E, quando se supõe que a história já se encontra completa e acabada, vê-se que ela, de tão dinâmica, não para de agregar outros valores e fatos memorialísticos que a enriquecem em favor do conhecimento e das experiências. Quem lucra com isso são as gerações futuras.

Falo isso após a leitura do livro Cruls – histórias e andanças do cientista que inspirou JK a fazer Brasília, escrito pelo jornalista a escritor Jaime Sautchuk, recém-lançado pela Geração Editorial. É iniciativa inserida nas comemorações dos 120 anos do chamado Relatório Cruls, apresentado ao governo brasileiro em 1893 e que constituiu uma das bases para a escolha, pelo presidente Juscelino Kubitschek, em 1955, do sítio do Planalto Central destinado ao planejamento urbano e à construção de Brasília.

O relatório foi elaborado ao fim da missão cumprida pelo engenheiro Louis Ferdinand Cruls, belga nacionalizado brasileiro por D. Pedro II. Não deixa de ser curioso como o imperador se envolveu, durante toda a sua vida – e por conta de seu tirocínio político e sensibilidade intelectual – com homens que ajudaram a pensar, na época, em um projeto brasileiro de Nação.

O livro, redigido com uma linguagem objetiva, simples, conta um episódio do qual a gente tem ouvido falar, mas que, colocado em seus termos, ajuda a observar a importância que ele vai adquirindo no conjunto dos relatos que compõem a história do Brasil. Creditamos esse pormenor à vivência e à experiência de Sautchuk, velho colega da imprensa.

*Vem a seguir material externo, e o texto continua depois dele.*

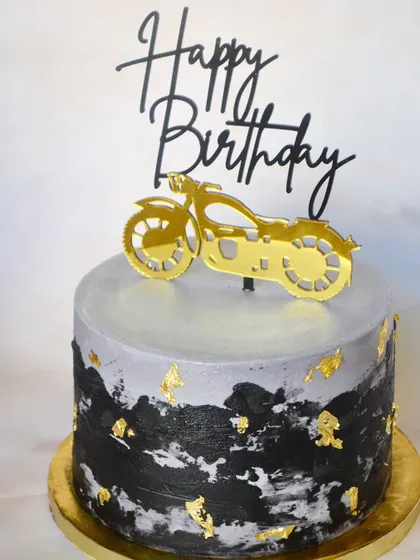 One for the bike lovers. A sleek cake with a black and grey textured finish, topped with a custom gold motorcycle accent.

Louis Cruls formou-se engenheiro ali pelos anos 1860 pela Universidade de Gant, Bélgica. Recebeu influências profissionais do engenheiro gaúcho Caetano Furquim de Almeida, da empresa Ottoni, Furquim & Penna, que se dedicava a projetos e obras ferroviárias, um segmento em franca expansão naqueles tempos, sobretudo na Europa. Cruls estava interessado em trabalhar, se possível, com Caetano Furquim. E, por isso, resolveu vir ao Brasil.

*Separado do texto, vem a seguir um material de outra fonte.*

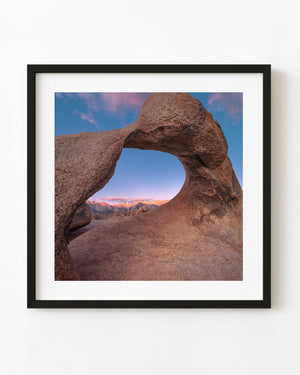 Mobius Arch frames sunlit Eastern Sierra peaks beneath a blue and pink sky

Na viagem, a bordo do transatlântico Orinoque, acabou conhecendo o diplomata e escritor Joaquim Nabuco, que aqui o apresentou ao imperador D. Pedro II. Seis anos mais tarde o imperador lhe concederia o estatuto de cidadão brasileiro. E foi como tal que ele, então como astrônomo, assumiria a Comissão Carta Imperial, com a incumbência de elaborar um plano diretor para o País.

Brasileiro, casado, Louis Cruls teria filhos, um dos quais, Gastão Cruls, engenheiro sanitarista e escritor. Gastão ganhou renome na literatura nacional, em particular por conta dos romances A Amazônia misteriosa e Vertigem.

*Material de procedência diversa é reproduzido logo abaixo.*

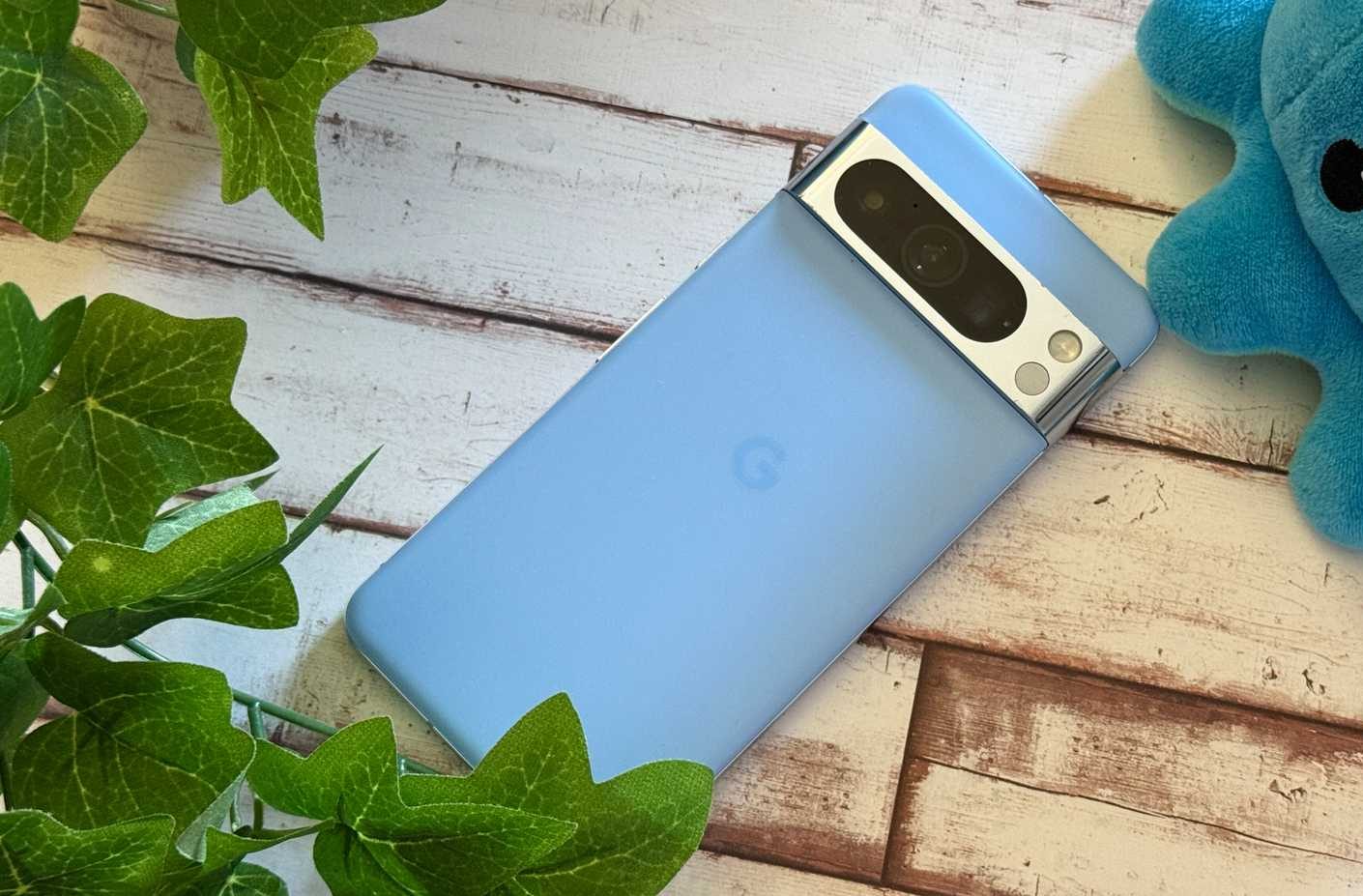 Google Pixel 8 Pro laying next to a fake plant and a plushie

Louis Cruls nem sequer imaginava que um dia faria parte dos quadros de pesquisadores da fauna, flora e topografia brasileiras, a exemplo de Saint-Hilaire, que percorreu a região dos cerrados; de Francisco Adolpho de Varnhagem, que tanto pesquisou as entranhas brasileiras e do Marechal Mariano Cândido Rondon, pioneiro na instalação das linhas telegráficas no Brasil Central e estudioso das etnias indígenas.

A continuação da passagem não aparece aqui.